Purpose of the Study:
- To establish an integrated pipeline combining structure-guided computation and functional profiling for prioritizing drug candidates.
- To introduce and apply the Rosetta Engine for Anchoring Ligands with a Motif (REAL-M) screening algorithm.
- To validate the pipeline's effectiveness using the hypocretin receptor system.
Main Methods:
- Utilized the Rosetta Engine for Anchoring Ligands with a Motif (REAL-M) algorithm, leveraging Protein Data Bank (PDB) structural data.
- Employed cell-based reporter assays to assess the binding inhibition of candidate molecules.

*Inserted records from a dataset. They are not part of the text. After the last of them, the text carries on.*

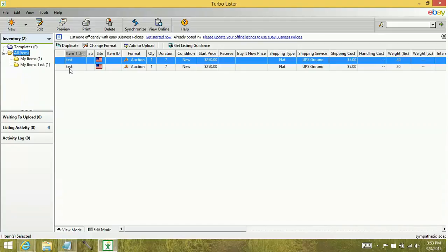And that, folks, is how you restore items to your Turbolister database from a backup file. Keep watching for more videos on how to stock up your eBay arsenal.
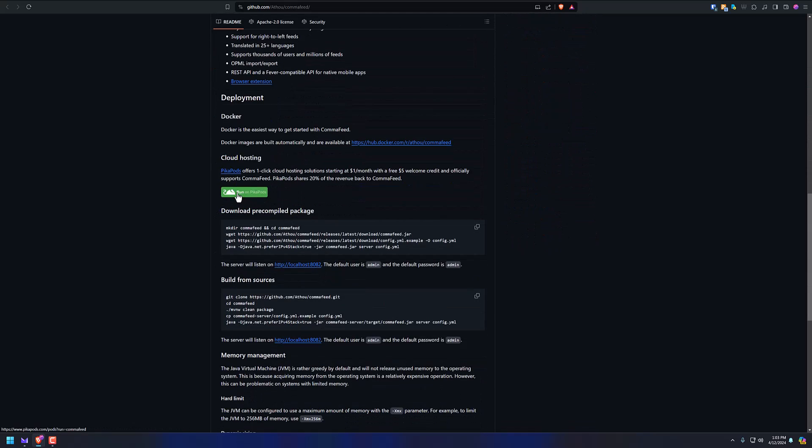But you can run it on Peakapods, which I recommend. I use Peakapods for my randyhandley.com website, and you could have this up and running in just a couple minutes. It costs you like maybe $1 a month. Yeah, starting at $1 a month with $5 welcome credit, you can't go wrong. It's so worth it. Give this a shot, trust me.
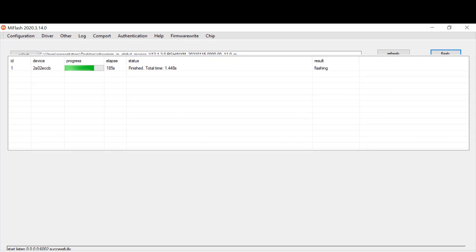So far, so good — it has been going well, as you can see. We are almost at the end of the flashing process now.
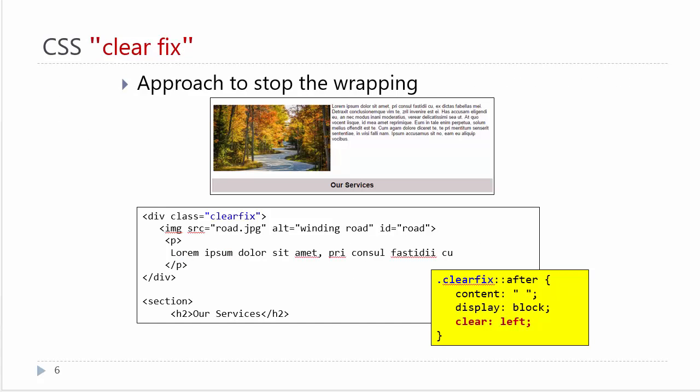In the industry, we have this term called the clearfix. It's not part of the CSS syntax; it's been coined by developers. What we would normally be doing in traditional HTML is inserting an element after that div and setting the clear property to left in that element. That is not semantically correct with HTML5 because we would be using that empty element for page layout.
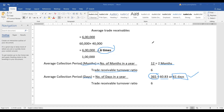I hope this helps you understand both trade receivable turnover ratio and average collection period. Further, we will solve sums related to this topic in the next video. Till then, keep learning. Thank you.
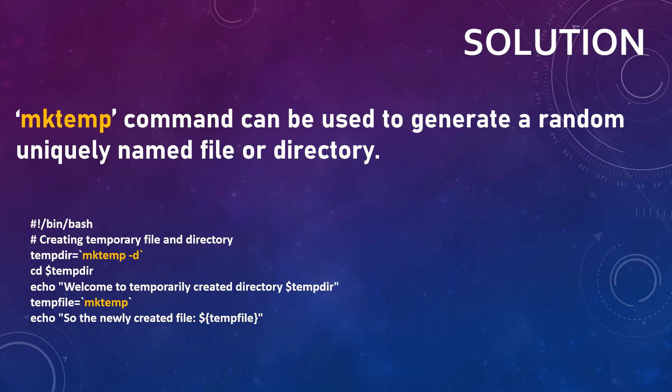Now this is a simple script where first we are creating a temporary directory through mktemp -d, holding the output in a variable named tempdir. Then we are switching to the newly created directory and after that echoing some line with the name of the temporary directory name, and then creating a file with the mktemp command that is stored inside a variable and then echoing that name.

- Conducted functional profiling in larval zebrafish, including experiments with hcrtr2 null mutants, to confirm on-target activity.
Main Results:
- 28 out of 30 predicted hypocretin receptor antagonists significantly blocked agonist binding in cell-based assays.
- Six chemically diverse molecules demonstrated efficacy comparable to existing antagonists.
- Three of these compounds significantly reduced hypocretin-induced hyperactivity in larval zebrafish, with on-target validation.
Conclusions:
- The integrated computational and zebrafish-based pipeline effectively prioritizes drug candidates with high accuracy and in vivo relevance.
- REAL-M and functional profiling offer a robust approach for identifying potent and specific drug leads.
- This adaptable pipeline holds promise for discovering ligands targeting numerous proteins with conserved binding pockets.